#### [WHAT THE TASK REQUIRES]
Each line below from the one containing "未着用 24センチレディース靴二足まとめての写真3枚目" through the one containing "2245 Breezy Cir, Melbourne, FL 32935" is to be given again exactly, and no line outside that span.

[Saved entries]
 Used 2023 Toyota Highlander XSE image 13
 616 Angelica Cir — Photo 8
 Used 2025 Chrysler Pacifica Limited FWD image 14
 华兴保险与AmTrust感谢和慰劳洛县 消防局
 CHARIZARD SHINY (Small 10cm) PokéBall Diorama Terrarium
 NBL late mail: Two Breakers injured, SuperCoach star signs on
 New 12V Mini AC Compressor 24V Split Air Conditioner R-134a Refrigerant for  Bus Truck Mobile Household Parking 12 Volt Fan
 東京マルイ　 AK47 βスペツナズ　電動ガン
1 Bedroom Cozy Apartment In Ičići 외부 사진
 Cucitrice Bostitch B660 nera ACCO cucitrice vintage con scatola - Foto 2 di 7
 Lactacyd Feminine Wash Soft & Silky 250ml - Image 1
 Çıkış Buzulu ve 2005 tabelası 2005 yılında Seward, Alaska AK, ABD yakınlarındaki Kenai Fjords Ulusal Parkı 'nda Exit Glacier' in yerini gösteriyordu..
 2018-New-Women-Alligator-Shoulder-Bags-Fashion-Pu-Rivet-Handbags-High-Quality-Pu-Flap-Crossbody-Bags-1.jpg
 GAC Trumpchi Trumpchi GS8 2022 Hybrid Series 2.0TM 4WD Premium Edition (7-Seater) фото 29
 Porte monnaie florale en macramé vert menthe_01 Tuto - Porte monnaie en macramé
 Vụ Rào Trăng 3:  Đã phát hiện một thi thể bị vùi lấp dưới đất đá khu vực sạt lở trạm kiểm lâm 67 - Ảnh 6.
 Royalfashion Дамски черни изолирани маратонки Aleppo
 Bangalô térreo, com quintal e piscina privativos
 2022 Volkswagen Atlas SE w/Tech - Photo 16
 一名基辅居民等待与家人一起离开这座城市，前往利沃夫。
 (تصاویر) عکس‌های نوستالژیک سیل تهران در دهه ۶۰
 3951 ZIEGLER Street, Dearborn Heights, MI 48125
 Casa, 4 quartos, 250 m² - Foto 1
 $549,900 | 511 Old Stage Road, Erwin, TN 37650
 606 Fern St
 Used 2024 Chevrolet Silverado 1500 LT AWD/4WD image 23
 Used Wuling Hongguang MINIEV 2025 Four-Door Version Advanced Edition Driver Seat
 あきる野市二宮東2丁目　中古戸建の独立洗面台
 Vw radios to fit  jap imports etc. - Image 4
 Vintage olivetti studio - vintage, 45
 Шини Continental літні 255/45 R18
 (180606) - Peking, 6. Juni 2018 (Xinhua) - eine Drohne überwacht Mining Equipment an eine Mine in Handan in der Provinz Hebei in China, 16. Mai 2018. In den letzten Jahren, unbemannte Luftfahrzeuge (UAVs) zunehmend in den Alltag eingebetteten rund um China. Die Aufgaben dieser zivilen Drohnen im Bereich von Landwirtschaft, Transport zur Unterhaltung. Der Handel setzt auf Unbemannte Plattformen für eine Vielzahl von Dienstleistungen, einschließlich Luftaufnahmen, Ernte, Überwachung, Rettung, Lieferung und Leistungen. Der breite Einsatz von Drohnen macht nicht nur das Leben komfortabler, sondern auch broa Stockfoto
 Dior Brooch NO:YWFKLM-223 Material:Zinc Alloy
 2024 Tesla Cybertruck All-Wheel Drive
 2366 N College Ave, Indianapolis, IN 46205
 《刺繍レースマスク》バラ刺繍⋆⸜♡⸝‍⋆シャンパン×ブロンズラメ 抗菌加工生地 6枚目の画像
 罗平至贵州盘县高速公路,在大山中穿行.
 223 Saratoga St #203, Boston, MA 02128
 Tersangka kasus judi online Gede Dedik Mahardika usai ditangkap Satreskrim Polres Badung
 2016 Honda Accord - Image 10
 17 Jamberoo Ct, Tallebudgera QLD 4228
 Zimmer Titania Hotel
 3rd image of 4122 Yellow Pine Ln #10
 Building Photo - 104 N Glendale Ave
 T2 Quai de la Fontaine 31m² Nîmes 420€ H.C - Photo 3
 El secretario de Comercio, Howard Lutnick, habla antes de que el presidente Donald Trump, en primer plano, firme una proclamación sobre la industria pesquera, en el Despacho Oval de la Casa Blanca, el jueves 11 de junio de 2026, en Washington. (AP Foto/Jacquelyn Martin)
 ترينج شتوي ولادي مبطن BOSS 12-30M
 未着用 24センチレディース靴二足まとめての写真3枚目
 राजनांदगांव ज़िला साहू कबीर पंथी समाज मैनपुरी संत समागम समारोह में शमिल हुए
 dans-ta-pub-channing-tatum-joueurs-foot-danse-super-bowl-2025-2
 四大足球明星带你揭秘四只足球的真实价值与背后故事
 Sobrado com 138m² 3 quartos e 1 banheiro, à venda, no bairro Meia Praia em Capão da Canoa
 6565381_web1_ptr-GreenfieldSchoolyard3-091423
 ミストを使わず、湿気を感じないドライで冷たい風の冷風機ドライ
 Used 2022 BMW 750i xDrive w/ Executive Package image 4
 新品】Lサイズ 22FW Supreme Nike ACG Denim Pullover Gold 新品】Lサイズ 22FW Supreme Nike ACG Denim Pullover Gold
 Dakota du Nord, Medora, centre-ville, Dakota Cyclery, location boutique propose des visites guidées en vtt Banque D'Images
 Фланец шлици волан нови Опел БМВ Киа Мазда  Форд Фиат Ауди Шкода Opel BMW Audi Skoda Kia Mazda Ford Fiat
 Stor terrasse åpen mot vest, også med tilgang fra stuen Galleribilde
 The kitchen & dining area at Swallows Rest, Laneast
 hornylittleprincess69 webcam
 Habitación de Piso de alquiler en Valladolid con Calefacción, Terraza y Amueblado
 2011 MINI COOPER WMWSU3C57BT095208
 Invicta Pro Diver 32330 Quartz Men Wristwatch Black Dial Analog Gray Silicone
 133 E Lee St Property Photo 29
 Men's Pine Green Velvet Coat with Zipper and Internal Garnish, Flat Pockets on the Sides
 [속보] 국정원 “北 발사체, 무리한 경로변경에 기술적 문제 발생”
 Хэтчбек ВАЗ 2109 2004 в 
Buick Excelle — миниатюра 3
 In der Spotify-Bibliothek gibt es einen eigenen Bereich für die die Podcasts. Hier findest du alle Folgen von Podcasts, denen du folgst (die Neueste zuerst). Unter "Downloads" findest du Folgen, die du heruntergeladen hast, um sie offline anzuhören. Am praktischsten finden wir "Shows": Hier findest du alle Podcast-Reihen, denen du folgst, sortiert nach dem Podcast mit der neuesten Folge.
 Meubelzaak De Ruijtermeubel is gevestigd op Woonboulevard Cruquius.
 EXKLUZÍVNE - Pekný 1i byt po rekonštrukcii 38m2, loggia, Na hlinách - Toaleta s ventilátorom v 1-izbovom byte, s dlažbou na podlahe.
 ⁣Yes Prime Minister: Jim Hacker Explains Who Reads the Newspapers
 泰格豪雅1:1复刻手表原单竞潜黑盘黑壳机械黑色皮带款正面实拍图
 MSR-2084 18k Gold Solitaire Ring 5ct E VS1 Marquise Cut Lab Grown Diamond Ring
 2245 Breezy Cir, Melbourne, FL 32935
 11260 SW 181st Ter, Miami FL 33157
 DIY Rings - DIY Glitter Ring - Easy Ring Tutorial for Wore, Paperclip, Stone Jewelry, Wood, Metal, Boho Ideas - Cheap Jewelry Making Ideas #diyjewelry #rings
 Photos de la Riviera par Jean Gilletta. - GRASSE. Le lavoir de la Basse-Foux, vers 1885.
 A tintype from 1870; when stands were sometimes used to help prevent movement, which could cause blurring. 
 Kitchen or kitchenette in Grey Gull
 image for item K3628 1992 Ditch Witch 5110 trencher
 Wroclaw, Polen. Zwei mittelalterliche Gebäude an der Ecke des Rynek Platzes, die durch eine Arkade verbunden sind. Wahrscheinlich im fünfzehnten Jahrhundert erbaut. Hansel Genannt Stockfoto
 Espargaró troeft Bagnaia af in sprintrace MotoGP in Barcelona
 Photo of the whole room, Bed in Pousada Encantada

#### [SOLUTION TO THIS EXERCISE]
 未着用 24センチレディース靴二足まとめての写真3枚目
 राजनांदगांव ज़िला साहू कबीर पंथी समाज मैनपुरी संत समागम समारोह में शमिल हुए
 dans-ta-pub-channing-tatum-joueurs-foot-danse-super-bowl-2025-2
 四大足球明星带你揭秘四只足球的真实价值与背后故事
 Sobrado com 138m² 3 quartos e 1 banheiro, à venda, no bairro Meia Praia em Capão da Canoa
 6565381_web1_ptr-GreenfieldSchoolyard3-091423
 ミストを使わず、湿気を感じないドライで冷たい風の冷風機ドライ
 Used 2022 BMW 750i xDrive w/ Executive Package image 4
 新品】Lサイズ 22FW Supreme Nike ACG Denim Pullover Gold 新品】Lサイズ 22FW Supreme Nike ACG Denim Pullover Gold
 Dakota du Nord, Medora, centre-ville, Dakota Cyclery, location boutique propose des visites guidées en vtt Banque D'Images
 Фланец шлици волан нови Опел БМВ Киа Мазда  Форд Фиат Ауди Шкода Opel BMW Audi Skoda Kia Mazda Ford Fiat
 Stor terrasse åpen mot vest, også med tilgang fra stuen Galleribilde
 The kitchen & dining area at Swallows Rest, Laneast
 hornylittleprincess69 webcam
 Habitación de Piso de alquiler en Valladolid con Calefacción, Terraza y Amueblado
 2011 MINI COOPER WMWSU3C57BT095208
 Invicta Pro Diver 32330 Quartz Men Wristwatch Black Dial Analog Gray Silicone
 133 E Lee St Property Photo 29
 Men's Pine Green Velvet Coat with Zipper and Internal Garnish, Flat Pockets on the Sides
 [속보] 국정원 “北 발사체, 무리한 경로변경에 기술적 문제 발생”
 Хэтчбек ВАЗ 2109 2004 в 
Buick Excelle — миниатюра 3
 In der Spotify-Bibliothek gibt es einen eigenen Bereich für die die Podcasts. Hier findest du alle Folgen von Podcasts, denen du folgst (die Neueste zuerst). Unter "Downloads" findest du Folgen, die du heruntergeladen hast, um sie offline anzuhören. Am praktischsten finden wir "Shows": Hier findest du alle Podcast-Reihen, denen du folgst, sortiert nach dem Podcast mit der neuesten Folge.
 Meubelzaak De Ruijtermeubel is gevestigd op Woonboulevard Cruquius.
 EXKLUZÍVNE - Pekný 1i byt po rekonštrukcii 38m2, loggia, Na hlinách - Toaleta s ventilátorom v 1-izbovom byte, s dlažbou na podlahe.
 ⁣Yes Prime Minister: Jim Hacker Explains Who Reads the Newspapers
 泰格豪雅1:1复刻手表原单竞潜黑盘黑壳机械黑色皮带款正面实拍图
 MSR-2084 18k Gold Solitaire Ring 5ct E VS1 Marquise Cut Lab Grown Diamond Ring
 2245 Breezy Cir, Melbourne, FL 32935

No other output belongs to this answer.